Né des amours de l’électricité avec la machine à écrire, les jeux d’arcade ont d’abord été cantonnés dans des salles de jeu et des bars.
Ils ont investi nos salons et squatté le téléviseur familial. Là, ils ont établi une tête de pont pour une offensive généralisée. Ils ont d’abord dupliqué le téléviseur : un écran pour l’usage banal, un écran pour les jeux vidéo. Ils se sont ensuite miniaturisés pour tenir dans nos poches et nous accompagner partout. Ils ont colonisés les téléphones cellulaires, contribuant ainsi à les éloigner de leur fonction première. Ils se sont infiltrés dans les sages ordinateurs personnels, les rapprochant de plus en plus des consoles de jeu. Ils ont trouvé dans le réseau Internet des nouvelles modalités de dissémination. Tout ce que les jeux d’arcade ont touché a été transformé. La Google TV est le dernier exemple des nombreuses transformations qui sont encore à venir.

D’abord cantonnés dans les banlieues de la culture, longtemps considérés comme des jeux d’enfants, les jeux d’arcade ont contribué à donner naissance à un nouveau phénomène.

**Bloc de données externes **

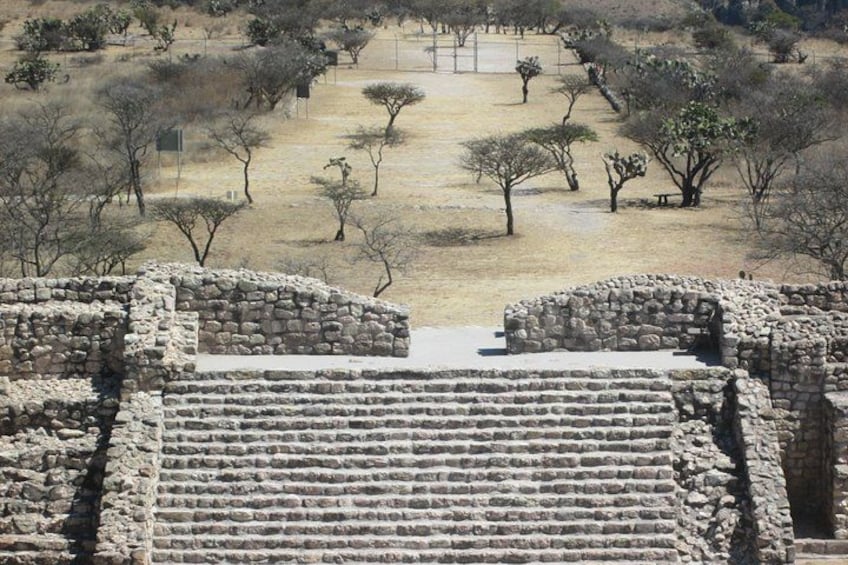 Ruinas antiguas de piedra con estructuras escalonadas y un paisaje árido con escasos árboles. 4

Ils ont contribué à construire une culture du jeu vidéo, avec ses codes, ses savoir-faire, ses savoir-être, ses légendes et ses figures héroïques. Galaxy, Pac Man, Donkey Kong, Virtua Fighter parmi tant d’autres ont imposé des formes de jeu qui sont actives aujourd’hui encore. Cette culture a ensuite servi de creuset pour la construction de cet immense espace numérique dans lequel nous baignons actuellement. Le processus est le même que celui par lequel le Baron de Muchausen expliquait qu’il s’était sorti d’un marécage en tirant sur les lacets de ses bottes. De la même manière, les jeux d’arcade sont un des points de départ de la construction de cet immense espace numérique dans lequel nous baignons actuellement

Les digiborigènes ont su écouter le conseil de Montaigne : ils ont joué sérieusement aux jeux vidéo. Les millions d’heures passés à jouer ont été le moyen de s’approprier les matières numériques et d’en faire une matière à penser. Le grand intérêt des jeux vidéo est qu’ils constituent un excellent entraînement à la complexité. Ils font appel à des modalités de penser qui n’étaient pas beaucoup sollicités dans notre culture : l’apprentissage par essai/erreur, la saisie globale du fonctionnement d’un système plutôt que son analyse, la découverte et l’utilisation de structures, les coopérations entre les acteurs, le fonctionnement en mode parallèle plutôt que sériel… Tous ces processus nous deviennent précieux maintenant que notre environnement s’est enrichi de cette nouvelle dimension que sont les espaces numériques.